A few other interesting items in the quick reference guide: * A mention of “self-aware substructures” roughly correlating to the number of people on earth. This term is related to the cosmological theory called the Mathematical Universe Hypothesis put forth by Max Tegmark, that “our external physical reality is a mathematical structure,” and is in line with a layer of the multiverse, of which Tegmark claims there are four levels. * A mention of the Kardashev Scale, which is a method of measuring a civilization’s level of technological advancement. Type I is a planetary civilization that can use and store all energy that reaches the planet from its parent star, and we’re not even at that level yet. Type II uses all energy from that star. Type III controls all energy from its entire galaxy.

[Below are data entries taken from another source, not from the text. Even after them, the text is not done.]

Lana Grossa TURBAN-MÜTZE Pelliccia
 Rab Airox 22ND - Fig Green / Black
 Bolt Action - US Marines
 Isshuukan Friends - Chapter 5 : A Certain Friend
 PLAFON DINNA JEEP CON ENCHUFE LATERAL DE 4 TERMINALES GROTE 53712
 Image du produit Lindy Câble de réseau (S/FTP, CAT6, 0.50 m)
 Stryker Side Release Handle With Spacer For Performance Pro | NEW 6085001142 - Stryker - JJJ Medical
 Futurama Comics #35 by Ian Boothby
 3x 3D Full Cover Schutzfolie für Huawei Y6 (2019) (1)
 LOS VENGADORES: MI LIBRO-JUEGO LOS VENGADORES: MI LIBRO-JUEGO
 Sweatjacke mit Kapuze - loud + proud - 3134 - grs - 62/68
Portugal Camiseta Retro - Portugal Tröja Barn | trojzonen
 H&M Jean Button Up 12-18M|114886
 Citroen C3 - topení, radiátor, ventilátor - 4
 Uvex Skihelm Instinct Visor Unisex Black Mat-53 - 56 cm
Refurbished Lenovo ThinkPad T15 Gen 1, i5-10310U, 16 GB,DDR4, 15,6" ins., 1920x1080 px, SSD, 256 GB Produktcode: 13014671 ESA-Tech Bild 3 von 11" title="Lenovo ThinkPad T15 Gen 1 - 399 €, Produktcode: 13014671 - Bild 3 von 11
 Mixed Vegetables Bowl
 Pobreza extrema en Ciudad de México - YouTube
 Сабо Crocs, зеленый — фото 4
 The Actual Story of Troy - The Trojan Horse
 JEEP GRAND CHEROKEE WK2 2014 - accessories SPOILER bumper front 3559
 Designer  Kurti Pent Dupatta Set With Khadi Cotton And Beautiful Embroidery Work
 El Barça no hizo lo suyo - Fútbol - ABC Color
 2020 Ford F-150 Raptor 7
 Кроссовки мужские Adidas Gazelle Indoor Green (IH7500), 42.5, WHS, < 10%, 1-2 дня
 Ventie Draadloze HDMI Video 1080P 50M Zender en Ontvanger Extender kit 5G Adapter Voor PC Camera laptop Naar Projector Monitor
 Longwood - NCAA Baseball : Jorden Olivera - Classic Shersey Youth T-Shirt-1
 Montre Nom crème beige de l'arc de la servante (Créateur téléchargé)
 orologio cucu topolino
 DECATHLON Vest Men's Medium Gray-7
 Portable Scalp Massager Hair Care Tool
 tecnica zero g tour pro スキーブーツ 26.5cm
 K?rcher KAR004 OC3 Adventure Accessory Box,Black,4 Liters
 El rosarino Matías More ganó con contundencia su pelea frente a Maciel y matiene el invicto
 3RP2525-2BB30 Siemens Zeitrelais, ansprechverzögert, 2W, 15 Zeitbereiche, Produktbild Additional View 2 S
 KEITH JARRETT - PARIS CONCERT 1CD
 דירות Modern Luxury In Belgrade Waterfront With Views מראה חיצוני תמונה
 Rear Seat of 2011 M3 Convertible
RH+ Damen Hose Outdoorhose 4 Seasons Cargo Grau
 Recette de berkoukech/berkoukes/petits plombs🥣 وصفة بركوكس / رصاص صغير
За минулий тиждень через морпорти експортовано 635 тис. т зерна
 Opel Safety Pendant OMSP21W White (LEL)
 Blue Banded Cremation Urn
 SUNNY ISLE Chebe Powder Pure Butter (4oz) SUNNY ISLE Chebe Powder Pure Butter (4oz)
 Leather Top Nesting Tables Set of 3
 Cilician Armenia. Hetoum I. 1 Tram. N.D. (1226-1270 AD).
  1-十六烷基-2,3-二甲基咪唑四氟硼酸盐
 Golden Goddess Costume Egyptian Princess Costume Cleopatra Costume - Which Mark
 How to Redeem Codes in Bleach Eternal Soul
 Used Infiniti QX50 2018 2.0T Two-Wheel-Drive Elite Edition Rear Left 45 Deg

You might be able to see how some of this could have been inspired by The Lathe of Heaven—Panel K is somewhat similar to the Augmenter of Le Guin’s novel. Reznor has indicated that Not the Actual Events and Add Violence, two of the three parts of the EP triptych, are part of a single story, and connecting these other works to the story through lyrical references and physical components means those works are part of the story too—as a matter of fact, they reach back to The Fragile and The Downward Spiral as well. Maybe it’s a unified theory of Nine Inch Nails.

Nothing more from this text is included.